Last week was half term in Wales and so the Farmer & I took the opportunity to take our grandchildren away for a short holiday. It was the first time they had gone away with us overnight but it was hugely successful. I had found a delightfuly eccentric cottage only two minutes walk from the beach on the Parrog at Newport in Pembrokeshire so althought the children were with us for only one night we spent almost the whole time either on the beach or walking the coast path. Both the children(8 and 5 years respectively) are good walkers and were quite happy to keep going to see what was round the next corner and finding tiny hidden coves where they scrambled over rocks and searched for sea anemones and pretty shells in the pools, to say nothing of competing with their grandfather in playing ducks-and-drakes (skimming flat stones across the water to see how many 'hops' the stone would make). The children's parents came to fetch them home on the second evening and the Farmer and I then had two days to recover! We were incredibly lucky that this little jaunt coincided with the most glorious weather...it really was like high summer which is of course all wrong for the last week of February! To think that this time last year we were in the grip of freezing temperatures and snow and ice making life so difficult.
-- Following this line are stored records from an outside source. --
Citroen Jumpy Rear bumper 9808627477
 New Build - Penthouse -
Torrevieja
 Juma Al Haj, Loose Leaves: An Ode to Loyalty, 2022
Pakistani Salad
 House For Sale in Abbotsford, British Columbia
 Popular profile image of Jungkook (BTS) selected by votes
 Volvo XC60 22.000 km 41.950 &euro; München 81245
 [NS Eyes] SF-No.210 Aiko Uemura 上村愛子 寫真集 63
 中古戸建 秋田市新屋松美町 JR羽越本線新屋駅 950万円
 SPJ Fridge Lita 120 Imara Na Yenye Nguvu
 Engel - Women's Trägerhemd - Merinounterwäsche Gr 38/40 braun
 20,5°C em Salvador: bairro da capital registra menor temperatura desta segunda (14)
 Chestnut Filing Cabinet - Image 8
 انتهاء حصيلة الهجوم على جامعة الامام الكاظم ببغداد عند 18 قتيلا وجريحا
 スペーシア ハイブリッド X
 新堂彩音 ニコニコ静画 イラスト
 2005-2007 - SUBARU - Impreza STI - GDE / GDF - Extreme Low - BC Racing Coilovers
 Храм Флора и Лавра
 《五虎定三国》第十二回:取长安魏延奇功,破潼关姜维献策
We returned to the farm to find that lambing has begun. We didn't have a great start with some lambs not surviving and a dead ewe but things have now improved and last night we had a set of lovely strong triplets to add to the tally. We are lambing only about 30 ewes so every loss is significant but now things are looking up and hopefully we will not have too many difficulties from now on. Fortunatley the weather is reasonable despite the occasional rain shower so the ewes and lambs can go out once tha lambs are a couple of days old.
With March of course come the daffodils and we have so many all around the farm, of many different varieties from tiny little tete-a-tete and my favourite Tenby daffodils the little 'wild' ones to the rather vulgar flamboyant golden trumpets that herald in the spring. With strong winds we have had over the last couple of days a number of the daffies don't d=survive th buffetting so I go round each morning gathering the fallen flowers and so so I have jugs of glorious golden bouquets all through the house.